### Problem to solve
Could you copy exactly the lines from the one containing "Weiler P385C Asfaltsläggningsmaskiner" through the last line of the records, leaving out every picture?

(Excerpted data begins)

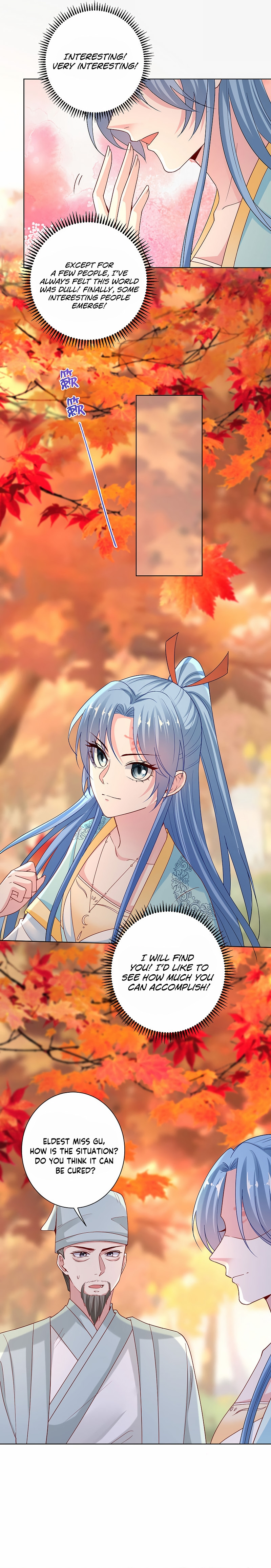 Poisonous Doctor: First Wife’s Daughter chapter 158 - page 4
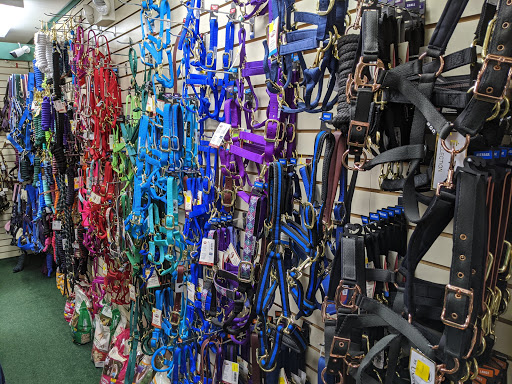 Tack Shop «Golden Horseshoe Tack Shop Inc», reviews and photos, 319 N Central Ave, Eureka, MO 63025, USA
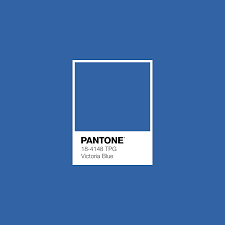 Pantone Victoria Blue Luxurydotcom Pantone Pantone Color Pantone Swatches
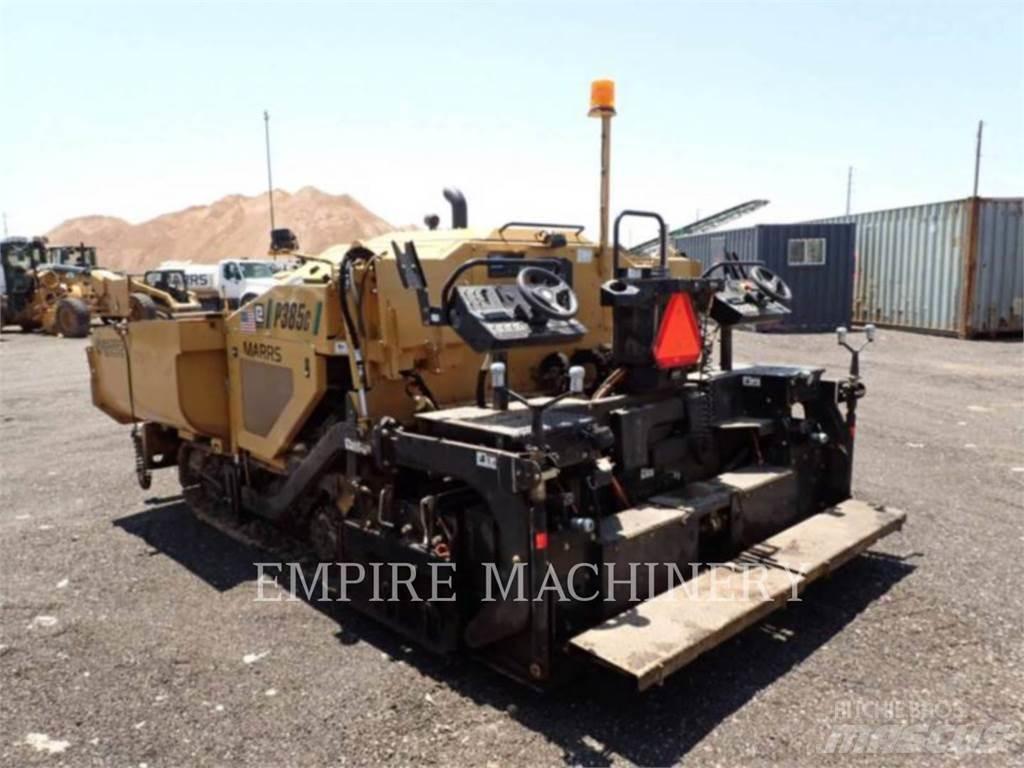 Weiler P385C Asfaltsläggningsmaskiner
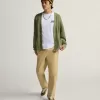 Cardigan Bayview Acid Wash Cardigan Bayview Acid Wash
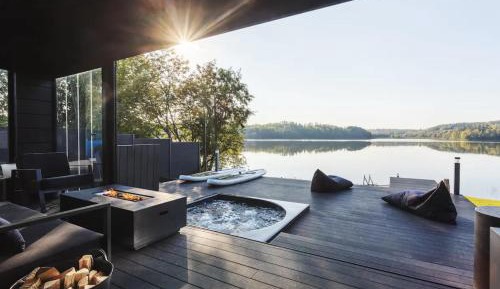 Two-Bedroom Villa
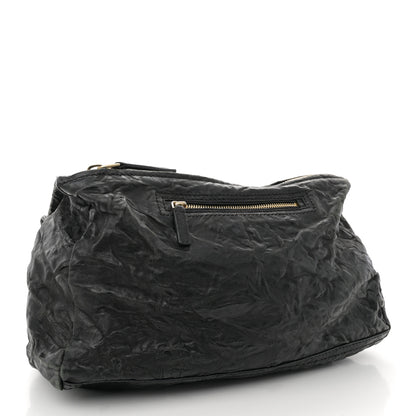 Givenchy Tumbled Sheepskin Medium Pandora Black 4 of 16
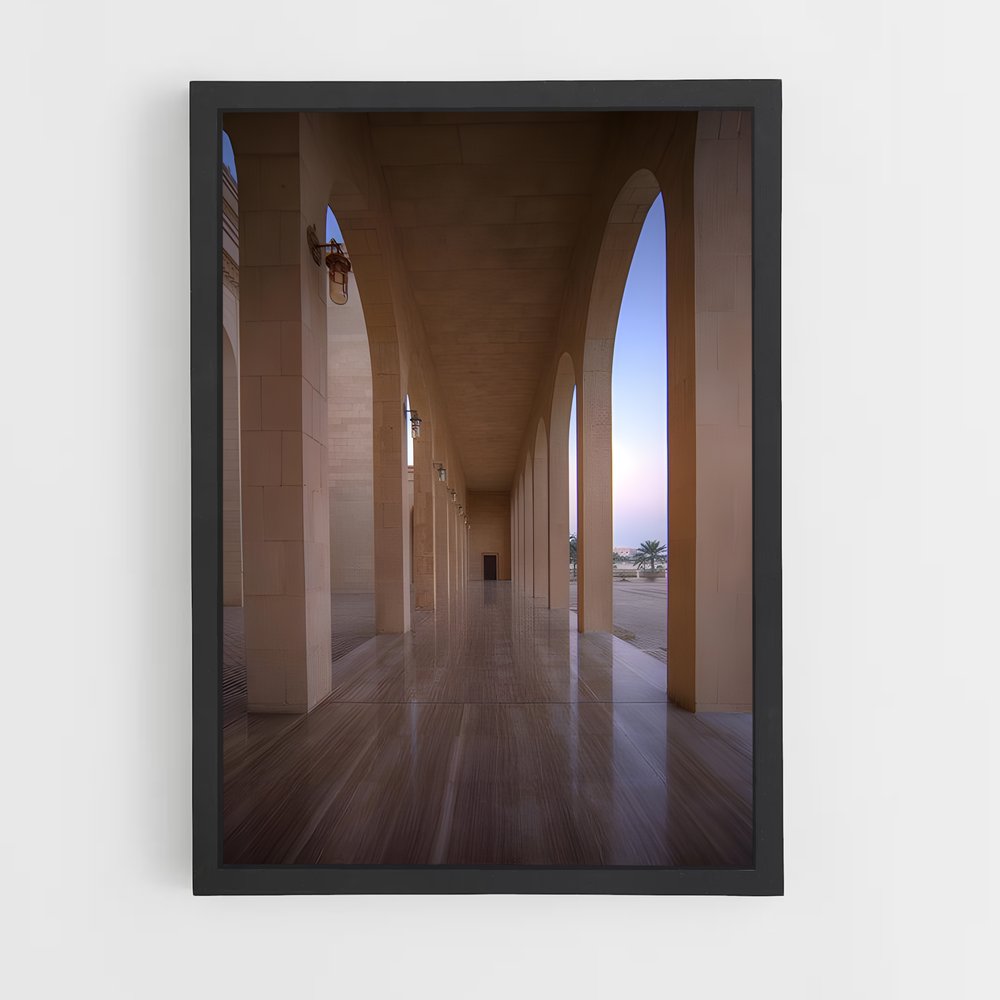 ap-al fateh mosque-9 cadre Noir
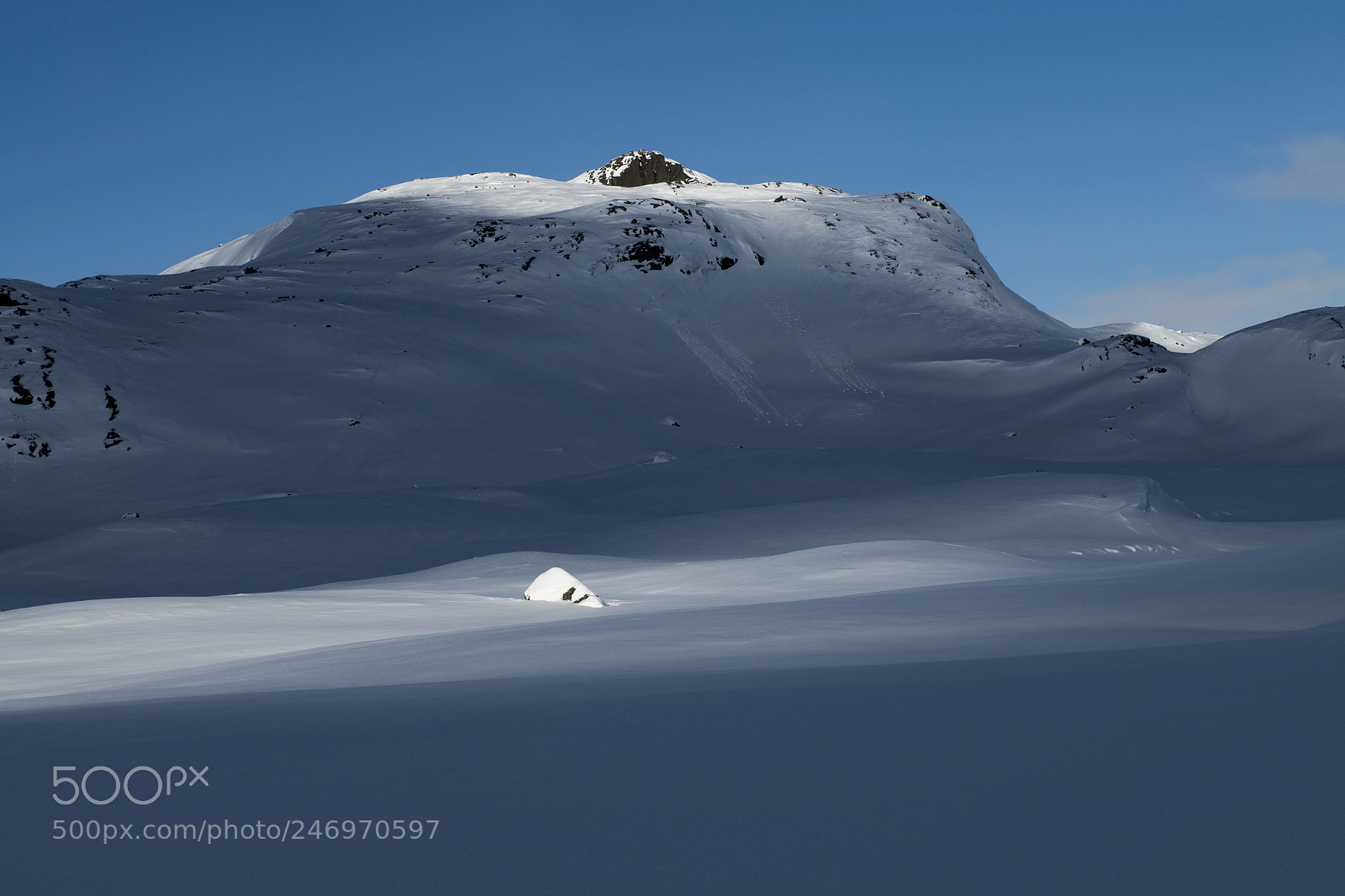 Nikon D850 sample photo. Winterlandscape lv photography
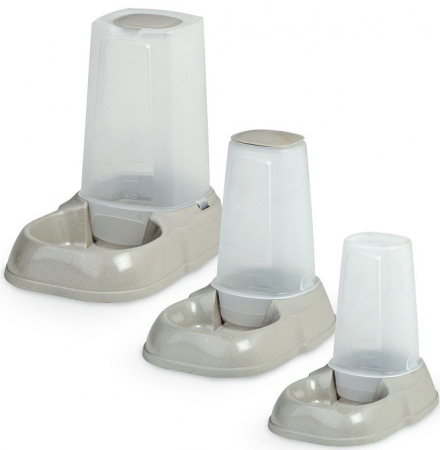 Castroane pentru Mancare si Apa Caini - Dispenser apa maya L 3500 ml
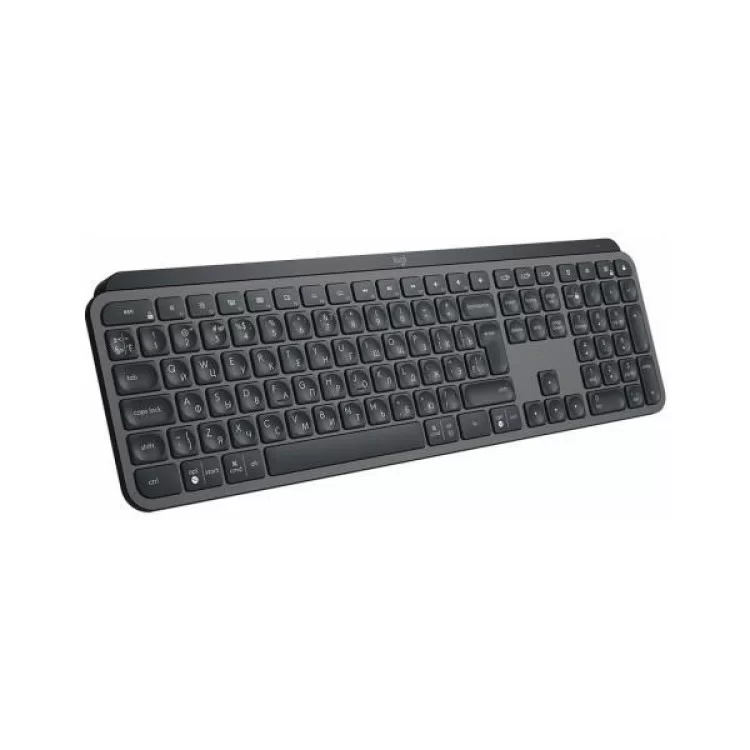 Комплект Logitech MX Keys for Business UA Graphite (920-010933) отзывы - изображение 5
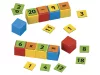 Geomag Magicube Math Building Recycled – mágneses számolójáték 61 db, újrahasznosított műanyagból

(Excerpted data ends)

### Completed exercise
 Weiler P385C Asfaltsläggningsmaskiner
 Cardigan Bayview Acid Wash Cardigan Bayview Acid Wash
 Two-Bedroom Villa
 Givenchy Tumbled Sheepskin Medium Pandora Black 4 of 16
 ap-al fateh mosque-9 cadre Noir
 Nikon D850 sample photo. Winterlandscape lv photography
 Castroane pentru Mancare si Apa Caini - Dispenser apa maya L 3500 ml
 Комплект Logitech MX Keys for Business UA Graphite (920-010933) отзывы - изображение 5
 Geomag Magicube Math Building Recycled – mágneses számolójáték 61 db, újrahasznosított műanyagból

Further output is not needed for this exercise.